The 57-year-old manager of an access plant hire firm has been sentenced to a maximum penalty of two years’ imprisonment for his neglect of health and safety obligations that led to the death of one man and caused serious injury to another.
After a 16 day trial at Airdrie Sheriff Court, Donald Craig was found guilty of breaching health and safety legislation.
During the trial, the court heard that on 20 June 2012, Gary Currie, a safety net rigger, and Alexander Nisbet, a self-employed operator contracted by Craig Services, were in the basket of the platform removing netting from the facade of the Buchanan House office block at Port Dundas Road in Glasgow city centre. While carrying out their work, the third main boom section buckled, causing the platform’s basket to fall 28 metres (approx. 92 feet) to the ground. This resulted in Alexander Nisbet suffering serious injuries and Gary Currie fatal ones.
The fatal incident followed an earlier event, in May 2011, involving the platform. Craig Services & Access Limited instructed a repair to the damaged section of the main boom but the repair had been incorrectly carried out and J M Access Solutions Ltd subsequently failed in their duty to carry out an adequate thorough examination of the platform.
Donald Craig was convicted of health and safety breaches. He was jailed for two years – the maximum penalty possible.
Hamilton based Craig Services and Access Limited was fined after being found guilty of three charges relating to the collapse, including failures in relation to its maintenance, and was fined a total of £61,000.
Another company, J M Access Solutions Ltd, was fined £30,000 for its failure to carry out a systematic and detailed thorough examination of the platform and its safety-critical parts.
Gary Aitken, Head of Health and Safety Division said: “This incident, which resulted in the death of Gary Currie and caused serious injury to Alexander Nisbet, could have been avoided had Donald Craig and Craig Services & Access Limited heeded advice and taken measures to maintain the platform in a safe condition.
“At the centre of this all was the decision to instruct this repair. It was a decision that left Gary Currie and Alexander Nisbet exposed to an unacceptable risk and was essentially an accident waiting to happen.
“An MEWP is a safety-critical piece of equipment and it was highly foreseeable that such a repair would risk the lives of those using the equipment.
“This incident has left family and friends devastated at the loss of a loved one. Hopefully this prosecution will remind other employers that failure to fulfil their obligations can have tragic consequences and that they will be held to account for their failings.”
HSE Principal Inspector Graeme McMinn stated: “The death of Gary Currie was entirely preventable. Craig Services and Access Ltd and Donald Craig were advised by the manufacturer to replace the damaged boom. Instead, they chose a much cheaper repair that left the boom in an unsafe condition. Guidance in the British Standard “Safe Use of MEWPS” advises that repairs to any parts of the MEWP structure should be in accordance with the procedure specified by the manufacturer.

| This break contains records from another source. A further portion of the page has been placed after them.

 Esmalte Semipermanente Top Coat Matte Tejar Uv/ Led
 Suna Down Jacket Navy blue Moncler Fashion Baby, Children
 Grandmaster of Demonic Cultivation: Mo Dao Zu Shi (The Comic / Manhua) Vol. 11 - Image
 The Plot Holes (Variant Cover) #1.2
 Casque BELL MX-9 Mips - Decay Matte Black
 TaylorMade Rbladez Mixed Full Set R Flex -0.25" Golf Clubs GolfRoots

“At the time of the accident the MEWP had a catalogue of defects some of which were safety-critical demonstrating that Craig Services and Access Ltd did not have an adequate proactive maintenance and reactive repair system in place within the company. For a complex piece of equipment such as the MEWP, that system should have included daily pre-use checks, intermediate inspections and maintenance based on manufacturer recommendations and six monthly thorough examinations carried out by a competent person independent of the MEWP owner.
“The competence and diligence of a thorough examiner is vital as it is they who declare the MEWP safe to use. JM Access Solutions Ltd failed to carry out a diligent thorough examination and declared the MEWP safe to use. The British Standard provides guidance on what an examination should include following a major repair on a MEWP structure. Non-destructive testing and load testing should have been carried out and overload testing discussed with the manufacturer.
“This tragic accident should highlight the absolute duty for owners of MEWPS to maintain them to ensure continued safe operation.”